Tuesday, March 10, 2015

Time to Talkback: Review on Splintered by A.G. Howard

The Authors had their time to talk now it's Time to Talkback. This gives me the chance to review the book or books I have been reading. Now I'm all for a honest review and at times I can be a bit harsh with some of the judgements I voice, as far as book go. But it has nothing to do with the author(s) for without them what would my imagination be (goodness help us all). It is just my own opinion, constructive criticism (I say) and I just want to state it as so many of us sometimes do. Good or Bad, I am always thankful for the books I read and the author(s) who wrote them. So, welcome to Talkback and here to a honest review.

Title: Splintered
Author: A. G. Howard
Series: Splintered #1
Author Info: Website | Twitter | Goodreads
Age Group: Young Adult
Genre Type: Fantasy, Re-telling Wonderland
Publication date: January 1st 2013
Publisher: Amulet Books
Format: Hardcover
Pages:  371 pages
Source: Books-a-Million, Bought
My Review Rating: 4 of 5 stars

A fantastical re-imaging of the Alice in Wonderland story by Lewis Carroll, is glorious portray in A.G. Howard debut Splintered. Wonderland has never seemed so evil. Howard has taken a magical concept and put her spin on the prettiness of the Wonderland world, making even the white rabbit seem grotesque and troublesome. There was much to be admired in Splintered but in the same instance there was something I didn't fully connect to and I think the romance may have been the culprit.
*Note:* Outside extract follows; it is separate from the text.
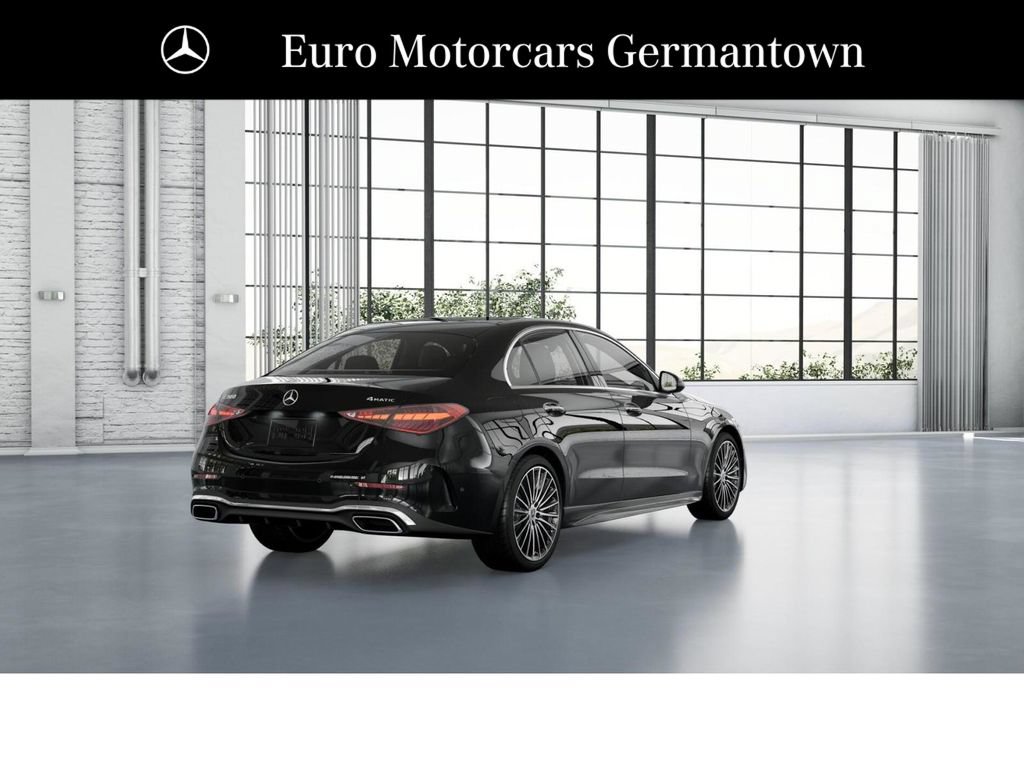 New 2026 Mercedes-Benz C 300 4MATIC Sedan image 22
Splintered is the story of a young girl, Alyssa Gardner, who, like all the females in her family is 'cursed', with the ability to talk to insects and plants. Alyssa, the great-great-great-granddaughter to Alice Liddel, whom Lewis Carrol base his great telling on, fears that the curse that placed her mother in a mental institution will soon be her own fate. Her family and the curse have a connection to the story of Alice and Wonderland and as Alyssa delves further into her family curse she realizes that she must go down the rabbit hole to save her mother and to learn the truth about her family and their origins.
Howard, without a doubt, captured the raw essence of Wonderland. Even though it's a much darker version, it still holds the spirit of the childhood tale. The characters, the dialogue, even the actions while in Wonderland feel original and new and yet we've actual heard some of it before. Every character has their own way of speaking, their own personality, and it's so easy to be immersed within the elegantly described world.

Alyssa is a bit of a tom-boy and likes to skateboard. She is creative, artsy and imaginative, and you can tell this right away with the opening chapters. Howard lays a lot of groundwork to help the reader understand and sympathize with Alyssa and her motivations. And it is this reason why the reader can connect so immensely with her. Her childhood friend, named Jeb, is her constant companion and crush. She believe that he only cares for her in what she thinks is in a "brotherly" way, but we all know that'll get squashed eventually. Jeb's protectiveness of Alyssa is downright overbearing, and her other love interest, Morpheus, uses the fact to his advantage and to gain favor with Alyssa. Morpheus is handsome, charming and suspicious. Jeb hates him instantly while Alyssa is swarmed with memories, realizing that this man has been with her through her entire childhood teaching her things about Wonderland, which explains why she has felt so comfortable in that strange world. However, Jeb seemed to morph to fit Alyssa's needs, and they'd often converse about their feelings during the action. So in essence, we'd have brief romantic-drama interludes that just felt wrong and unnecessary. I’m always up for a good love-triangle but I do not need a pause to get that there is a romance between characters. The book had a slow lagging pace, but it really does picked up when Morpheus entered. His character was new, refreshing, entertaining and also the catalyst for many exciting turns. But by the end, I was left wanting a little more out of his relationship with Alyssa.

The plot was intricately woven and incredibly hard to guess. I was shocked by each revelation and each new twist, especially since I've heard the tale of Alice all before. But Alyssa takes a journey that while sometimes replicates her ancestry, it's an entirely new adventure that's full of changes to the original text.

Overall, I applaud Howard for capturing the spirit of Wonderland and putting her dark spin on the magical world, but the romance (love triangle-ness) really obstructed my connection to Alyssa who spent most of the time worrying about boys instead of her own sanity and her mother's. I look forward to reading Unhinged, the sequel to this incredible debut.